Opinion
DOCKET NO. A-0702-12T2
07-16-2014
Edward J. Mierzwa, appellant pro se. Fox Rothschild, L.L.P., attorneys for respondent Wal-Mart Stores, Inc. (N. Ari Weisbrot, on the brief). Morgan Melhuish Abrutyn, attorneys for respondent Ticketmaster, L.L.C. (Leonard C. Leicht, of counsel; Joshua Heines, on the brief).
NOT FOR PUBLICATION WITHOUT THE
APPROVAL OF THE APPELLATE DIVISION
Before Judges Hayden and Rothstadt.
On appeal from the Superior Court of New Jersey, Law Division, Special Civil Part, Middlesex County, Docket No. DC-10011-12.
Edward J. Mierzwa, appellant pro se.
Fox Rothschild, L.L.P., attorneys for respondent Wal-Mart Stores, Inc. (N. Ari Weisbrot, on the brief).

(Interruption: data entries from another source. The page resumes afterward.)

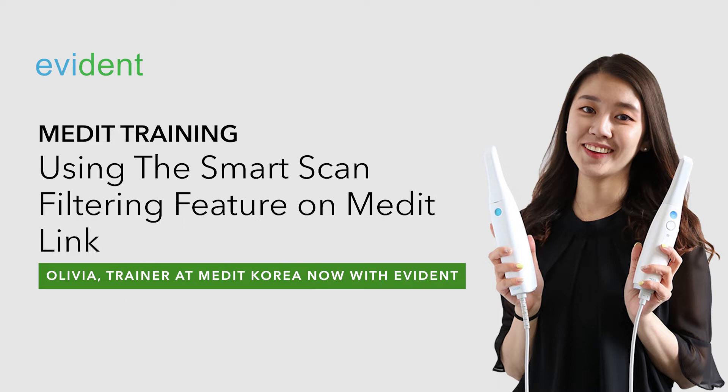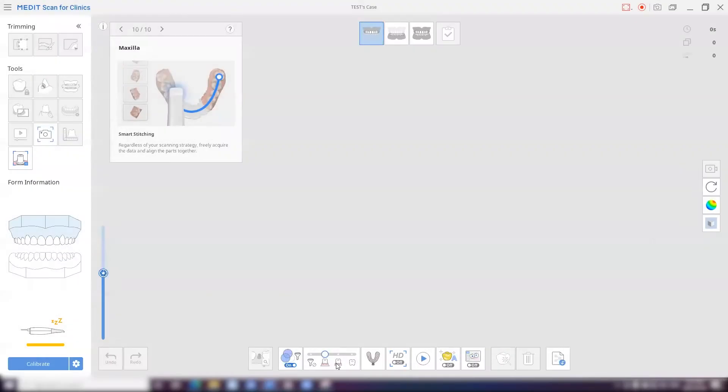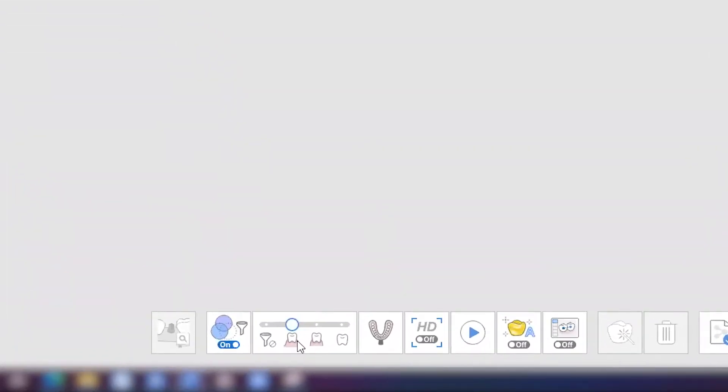Hi, this is Olivia. I have a scanner training program here at Avedent. Next, this is a smart scan filtering option. It helps filter unnecessary soft tissues. You can set up the smart scan filtering level according to the case.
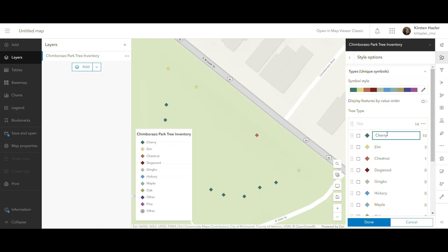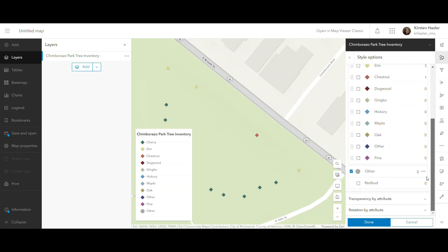I could also change the labels if I wanted to for some reason. I don't want to here, but I could. And I'm just going to say this is done.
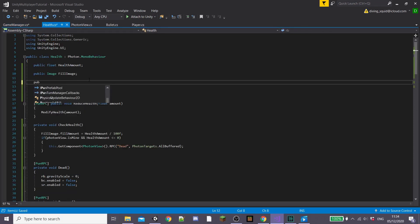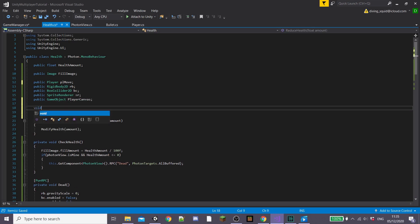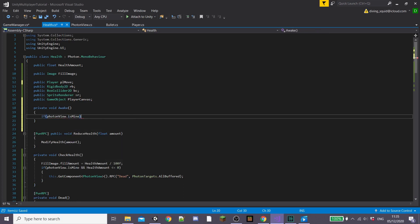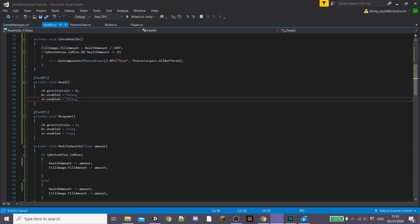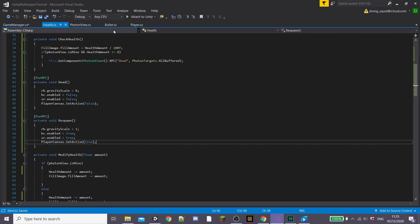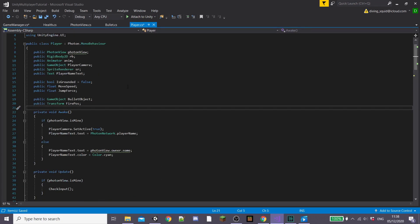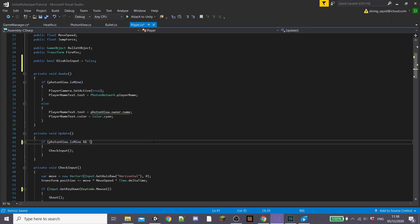Now inside of our health script we're going to create a few variables: a public PlayerMove called plMove and a public GameObject called playerCanvas. Inside a private awake function, we're going to check if PhotonView.isMine, and inside that set GameManager.instance.localPlayer equal to this.gameObject so we can set our local player. Then in our dead RPC function, set playerCanvas to false, and in an else statement set playerCanvas.setActive to true. Now inside our player script we're going to create a public bool called disableInput set to false, and alter our update function so that we only run our checkInput function if disableInput is false.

Morgan Melhuish Abrutyn, attorneys for respondent Ticketmaster, L.L.C. (Leonard C. Leicht, of counsel; Joshua Heines, on the brief). PER CURIAM
Plaintiff Edward J. Mierzwa appeals from the Law Division Special Civil Part orders dismissing his complaint against defendant Ticketmaster, L.L.C. on July 13, 2012; dismissing his complaint against defendant Wal-Mart Stores, Inc. on August 3, 2012; and denying his motion to vacate said dismissals and compel discovery on September 28, 2012. We affirm.
Plaintiff incorrectly captioned Wal-Mart and subsequently moved to amend the caption, which Wal-Mart opposed on the basis that the case should be dismissed without further litigation.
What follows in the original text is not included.